The West's horrible fiscal choice
The US, Britain, and Europe are together embarking on a sudden and severe tightening of fiscal policy, in unison, before economic recovery has reached safe take-off speed. The experiment was last tried in the 1930s.
Published 04/08/2011 | 08:27
The theoretical model behind the austerity push – known as an "expansionary fiscal contraction" – is based on the work of German theorists, and more recently on studies by Harvard professor Alberto Alesina and a group of brave scholars willing to defy the canonical doctrine of post-war Keynesian economics.
The Alesina view has been embraced by the European Central Bank and the budget cutters of the Eurogroup, but has enraged America's professoriat and set off a heated argument across the world.
Former US Treasury Secretary Larry Summers said there is now a one-third chance of a full-blown recession next year in the US. Nobel leaureate Paul Krugman said obscurantists had run amok. "What we're witnessing here is a catastrophe on multiple levels. We are doing a terrible thing. We are repeating all the mistakes of the 1930s, doing our best shot at recreating the Great Depression," he said.
Fear that a synchronized squeeze in half the global economy may go horribly wrong has seeped into market psychology, explaining why the $2.4 trillion (£1.5 trillion) debt deal agreed in Washington has failed to spark a relief rally. Wall Street is a step ahead, bracing for cuts in an economy that has already slipped to stall speed.
Angst over faltering recovery explains why Italian and Spanish bonds have suddenly buckled. The European Commission said the spike in Latin spreads is "clearly unwarranted" given that Rome and Madrid are sticking to their austerity plans, but this misses the point.
Investors no longer see austerity as a solution if cuts go beyond the therapeutic dose and tip Italy and Spain back into recession, playing havoc with fragile debt dynamics.
The US is expected to tighten by 2pc of GDP next year, including the expiry of payroll tax cuts and the phase-out of President Barack Obama's stimulus plan. Britain is tightening by 1.7pc this year and almost as much next year. Harsher versions are under way in Ireland and Club Med. Greece is retrenching by 16pc over three years. Canada, France and Germany will all tighten in 2012.
The International Monetary Fund said the combined effect is double the last sychronized squeeze in 1980. It comes as China is curbing credit to cool its property boom.
The Alesina school cites a string of cases where fiscal cuts led to robust recovery, and a few booms. Their work cannot be dismissed lightly and exposes the limits of New Keynesian models, which often clash with historical reality and human behaviour.
The textbook cases are: Italy (1970s); Ireland, Denmark and Sweden (1980s); Canada, Spain and the UK (1990s). There were some flops, too: Finland (1970s), Australia, Belgium and Greece (1980s), and Italy (1990s). Context is crucial. Dr Alesina says one clear message comes through from the stack of evidence: "Tax increases are much worse for the economy than spending cuts."
A study by Goran Hjelm from Sweden's Institute of Economic Research said the formula only really works when countries can let their currencies slide and export their way out of trouble. This is not possible for Spain and Italy within EMU, nor for the combined West at the same time. "We can't all devalue together and export to Mars," said Jamie Dannhauser from Lombard Street Research.
Bank of England Governor Mervyn King has called for a "grand bargain" of the world's major players to ensure that the burden of rectifying global imbalances does not fall on debtors alone, which feeds a vicious circle. "The need to act in the collective interest has yet to be recognised. Unless it is, it will be only a matter of time before one or more countries resort to protectionsism. That could, as in the 1930s, lead to a disastrous collapse in activity around the world," he said.

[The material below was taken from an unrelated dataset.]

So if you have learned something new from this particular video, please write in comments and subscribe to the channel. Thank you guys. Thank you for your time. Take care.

Fiscal contractions work best in small countries where state spending gobbles up half of GDP and where confidence has already collapsed. Getting a grip creates a huge sense of relief. Bond yields fall far enough to offet fiscal pain.

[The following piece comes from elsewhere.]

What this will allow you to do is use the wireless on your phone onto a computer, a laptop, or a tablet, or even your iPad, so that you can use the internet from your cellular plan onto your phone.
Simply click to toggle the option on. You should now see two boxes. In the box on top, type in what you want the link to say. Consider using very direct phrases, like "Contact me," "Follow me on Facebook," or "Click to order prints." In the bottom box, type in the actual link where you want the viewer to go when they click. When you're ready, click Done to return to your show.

This hardly applies to the AAA bloc today: Gilt yields are trading at post-war lows of 2.73pc, while 10-year US Treasuries are 2.57pc, German Bunds are 2.4pc and Japan's JGBs are 1pc. Central banks can do little to offset budget cuts when rates are already near zero, though £200bn of quantitative easing has cushioned the blow in the UK.
Britain had its own intriguing story during the Great Depression in 1932 when it passed a draconian budget, yet recovered well. The trick was to slash rates, devalue by a quarter and retreat behind imperial tariffs. But by then the international system had already collapsed.
Of course, rich nations may not have the luxury of spending their way out of trouble any longer. The Bank for International Settlements warned last year that fiscal woes are already near "boiling point" as demographics go from bad to worse and average public debt surpasses 100pc of GDP. "Current fiscal policy is unsustainable in every country. Drastic improvements will be necessary to prevent debt ratios from exploding," it said.
The indebted West is in a frightening bind: damned if it does, and equally damned if it doesn't.